←back to thread

CrowdStrike's Falcon Sensor also linked to Linux kernel panics and crashes

(www.theregister.com)
158 points kenjackson | 3 comments | 22 Jul 24 02:22 UTC | HN request time: 0.663s | source
Show context
roblabla ◴[22 Jul 24 07:17 UTC] No.41031699[source]
This is some very poor journalism. The linux issues are so, so very different from the windows BSOD issue.

The redhat kernel panics were caused by a bug in the kernel ebpf implementation, likely a regression introduced by a rhel-specific patch. Blaming crowdstrike for this is stupid (just like blaming microsoft for the crowdstrike bsod is stupid).

For background, I also work on a product using eBPFs, and had kernel updates cause kernel panics in my eBPF probes.

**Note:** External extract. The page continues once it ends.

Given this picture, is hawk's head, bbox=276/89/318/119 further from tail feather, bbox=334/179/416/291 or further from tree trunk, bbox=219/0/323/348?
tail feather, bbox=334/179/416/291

In my case, the panic happened because the kernel decided to change an LSM hook interface, adding a new argument in front of the others. When the probe gets loaded, the kernel doesn’t typecheck the arguments, and so doesn’t realise the probe isn’t compatible with the new kernel. When the probe runs, shit happens and you end up with a kernel panic.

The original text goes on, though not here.